Instructions to follow
Starting at the line that contains "Maletín bronceado para" and ending at the line that contains "CASA COM 1 SUÍTE", the lines below are to be given again exactly, with nothing added.

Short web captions
BEGIN

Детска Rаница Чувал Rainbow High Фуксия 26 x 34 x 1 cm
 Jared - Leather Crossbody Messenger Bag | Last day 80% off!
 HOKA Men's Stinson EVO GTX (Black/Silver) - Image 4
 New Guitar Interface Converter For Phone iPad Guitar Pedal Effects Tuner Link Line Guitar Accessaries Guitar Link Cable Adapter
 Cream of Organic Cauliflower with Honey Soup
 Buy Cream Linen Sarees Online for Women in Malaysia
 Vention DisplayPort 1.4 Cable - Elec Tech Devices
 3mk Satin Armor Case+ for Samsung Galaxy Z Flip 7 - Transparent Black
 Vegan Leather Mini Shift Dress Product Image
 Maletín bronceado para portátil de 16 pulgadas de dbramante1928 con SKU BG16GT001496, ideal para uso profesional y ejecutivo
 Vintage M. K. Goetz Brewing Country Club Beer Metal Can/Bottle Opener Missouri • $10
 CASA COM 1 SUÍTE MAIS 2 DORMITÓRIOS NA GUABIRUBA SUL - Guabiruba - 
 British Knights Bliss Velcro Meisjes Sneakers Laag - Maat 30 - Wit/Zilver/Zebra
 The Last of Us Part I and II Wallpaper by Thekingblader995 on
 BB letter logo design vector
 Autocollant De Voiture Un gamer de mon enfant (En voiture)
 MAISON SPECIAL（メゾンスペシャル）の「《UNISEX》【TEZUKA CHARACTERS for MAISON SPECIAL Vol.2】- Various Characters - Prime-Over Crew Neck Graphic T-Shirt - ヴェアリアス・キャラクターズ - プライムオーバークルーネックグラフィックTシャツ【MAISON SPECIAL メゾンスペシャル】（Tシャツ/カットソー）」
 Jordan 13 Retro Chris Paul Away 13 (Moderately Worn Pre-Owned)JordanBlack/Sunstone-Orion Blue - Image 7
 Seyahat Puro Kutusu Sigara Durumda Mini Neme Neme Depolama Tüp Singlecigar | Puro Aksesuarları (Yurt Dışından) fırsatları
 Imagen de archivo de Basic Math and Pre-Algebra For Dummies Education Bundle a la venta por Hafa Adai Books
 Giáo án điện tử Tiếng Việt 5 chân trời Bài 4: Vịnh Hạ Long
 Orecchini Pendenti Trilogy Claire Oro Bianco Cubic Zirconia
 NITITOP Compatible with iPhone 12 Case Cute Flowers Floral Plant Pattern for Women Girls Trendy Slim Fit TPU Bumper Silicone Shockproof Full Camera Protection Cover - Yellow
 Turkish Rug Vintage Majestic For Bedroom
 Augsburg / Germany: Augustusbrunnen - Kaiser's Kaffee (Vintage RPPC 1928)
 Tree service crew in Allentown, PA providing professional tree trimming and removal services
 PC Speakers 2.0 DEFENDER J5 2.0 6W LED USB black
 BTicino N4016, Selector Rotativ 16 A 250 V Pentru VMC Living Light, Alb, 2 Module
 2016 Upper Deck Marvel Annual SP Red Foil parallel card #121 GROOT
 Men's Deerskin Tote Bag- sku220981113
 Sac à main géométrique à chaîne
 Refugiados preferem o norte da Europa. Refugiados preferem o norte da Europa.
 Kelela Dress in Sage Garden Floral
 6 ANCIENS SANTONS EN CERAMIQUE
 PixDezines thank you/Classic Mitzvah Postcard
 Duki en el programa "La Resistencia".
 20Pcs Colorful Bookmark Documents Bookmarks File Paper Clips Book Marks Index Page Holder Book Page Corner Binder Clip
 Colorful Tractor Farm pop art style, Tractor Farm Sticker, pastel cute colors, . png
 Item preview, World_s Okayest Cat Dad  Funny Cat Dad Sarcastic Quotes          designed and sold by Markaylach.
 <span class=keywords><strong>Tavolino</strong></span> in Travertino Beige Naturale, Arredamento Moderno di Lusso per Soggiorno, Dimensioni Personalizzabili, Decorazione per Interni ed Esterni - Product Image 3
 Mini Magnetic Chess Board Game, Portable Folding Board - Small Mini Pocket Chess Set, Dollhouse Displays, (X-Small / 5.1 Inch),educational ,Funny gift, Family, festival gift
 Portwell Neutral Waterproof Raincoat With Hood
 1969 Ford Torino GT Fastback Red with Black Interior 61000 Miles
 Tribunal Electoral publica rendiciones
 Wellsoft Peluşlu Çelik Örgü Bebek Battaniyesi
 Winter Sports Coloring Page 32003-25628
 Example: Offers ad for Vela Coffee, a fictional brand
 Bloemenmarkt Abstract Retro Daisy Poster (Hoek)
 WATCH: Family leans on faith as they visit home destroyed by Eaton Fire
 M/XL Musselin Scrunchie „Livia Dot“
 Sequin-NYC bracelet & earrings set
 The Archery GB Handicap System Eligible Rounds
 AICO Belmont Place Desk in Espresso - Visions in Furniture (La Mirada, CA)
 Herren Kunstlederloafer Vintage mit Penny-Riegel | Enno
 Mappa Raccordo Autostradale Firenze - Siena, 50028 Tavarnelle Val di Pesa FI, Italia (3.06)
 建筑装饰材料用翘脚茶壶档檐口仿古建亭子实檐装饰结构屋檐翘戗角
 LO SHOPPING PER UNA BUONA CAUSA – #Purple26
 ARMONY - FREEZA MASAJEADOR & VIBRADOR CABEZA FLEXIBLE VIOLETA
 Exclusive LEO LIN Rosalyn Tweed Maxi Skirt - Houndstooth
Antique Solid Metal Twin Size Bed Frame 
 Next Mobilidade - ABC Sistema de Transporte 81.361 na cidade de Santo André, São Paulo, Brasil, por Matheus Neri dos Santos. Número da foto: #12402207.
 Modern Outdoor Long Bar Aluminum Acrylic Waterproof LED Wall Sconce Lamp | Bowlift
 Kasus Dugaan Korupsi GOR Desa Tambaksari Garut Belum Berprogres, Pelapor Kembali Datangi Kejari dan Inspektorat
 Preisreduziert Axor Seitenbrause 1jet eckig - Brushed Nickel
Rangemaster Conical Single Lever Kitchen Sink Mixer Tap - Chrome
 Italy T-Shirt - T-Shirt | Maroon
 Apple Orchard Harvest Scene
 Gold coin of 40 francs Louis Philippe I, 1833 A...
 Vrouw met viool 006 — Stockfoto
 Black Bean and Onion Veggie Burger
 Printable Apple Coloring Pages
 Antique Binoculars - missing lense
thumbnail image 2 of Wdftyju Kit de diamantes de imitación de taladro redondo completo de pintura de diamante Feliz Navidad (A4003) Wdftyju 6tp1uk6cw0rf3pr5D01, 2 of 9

END

Result of this task
 Maletín bronceado para portátil de 16 pulgadas de dbramante1928 con SKU BG16GT001496, ideal para uso profesional y ejecutivo
 Vintage M. K. Goetz Brewing Country Club Beer Metal Can/Bottle Opener Missouri • $10
 CASA COM 1 SUÍTE MAIS 2 DORMITÓRIOS NA GUABIRUBA SUL - Guabiruba - 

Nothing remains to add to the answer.